Social media information can predict a wide range of personality traits and attributes


Principle Investigator Haruno Masahiko and Dr. Mori Kazuma at the Center for Information and Neural Networks (CiNet), the National Institute of Information and Communications Technology, report the use of machine learning to analyze behavior on Twitter and predict a wide range of personality traits and attributes such as intelligence and extraversion. Specifically, the study uses component-wise gradient boosting to demonstrate that network features, such as the number of Tweets and the number of likes, and word usage on Twitter are predictive of social (e.g., extraversion) and mental health (e.g., anxiety) personalities, respectively. This approach may provide a new way for mental health diagnostics and personalized nudges.

The new study was published in Journal of Personality online on Thursday, August 20, 2020.

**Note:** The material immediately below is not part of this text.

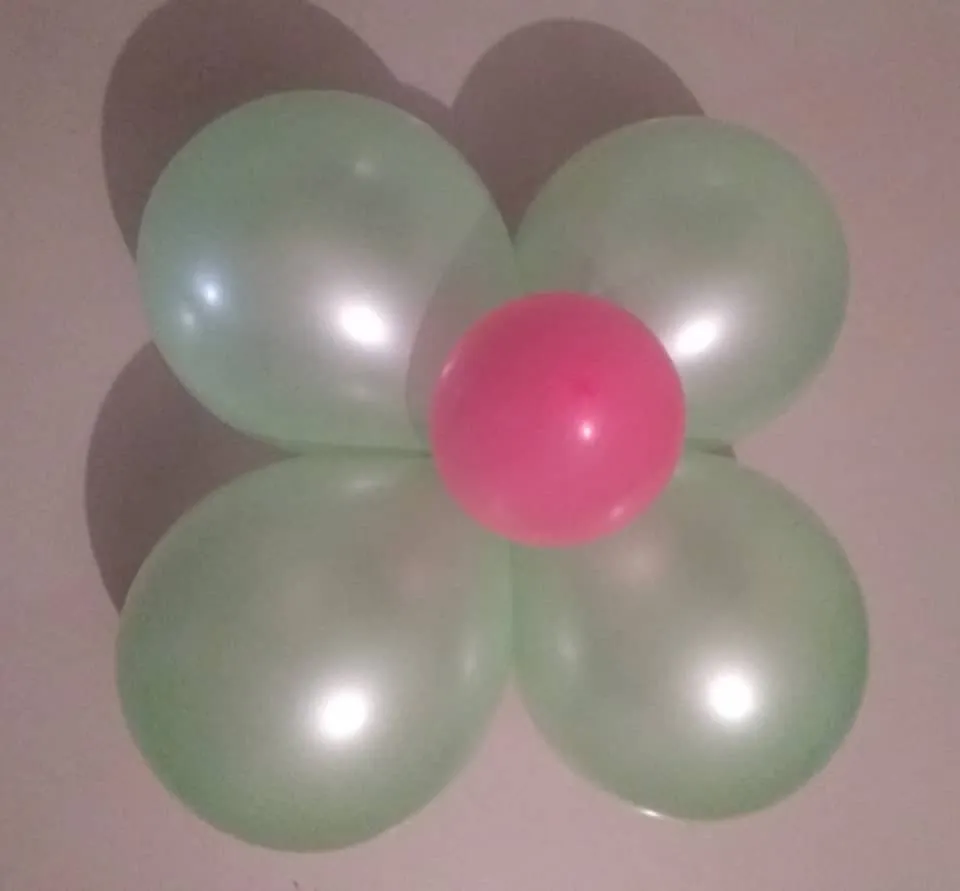 d0c4d2ef-96eb-4b4d-922c-04c8bb906d4c.jpg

Social media services (SNS) have quickly become universal tools for communication. Previous research has shown that information about Facebook and Twitter use can reveal basic and course personality traits based on the Big 5. However, which types of SNS information can be used to pinpoint specific personality traits and attributes are unknown. There is growing interest about what personality traits and attributes can be predicted by analyzing SNS information and how accurately that information reflects the user.

The study by Dr. Mori and Principle Investigator Haruno discovered that a wide range of personality traits and attributes can be predicted by analyzing four different types of users’ behaviors on Twitter (i.e., network features, time, word statistics, and word usage).

A statistical analysis found significant correlations between measured personality and attribute scores and predicted ones, with correlation coefficients around 0.25. This value is not sufficient for determining an individual’s personality traits precisely, but with a large enough population sample, this technology can provide informative results.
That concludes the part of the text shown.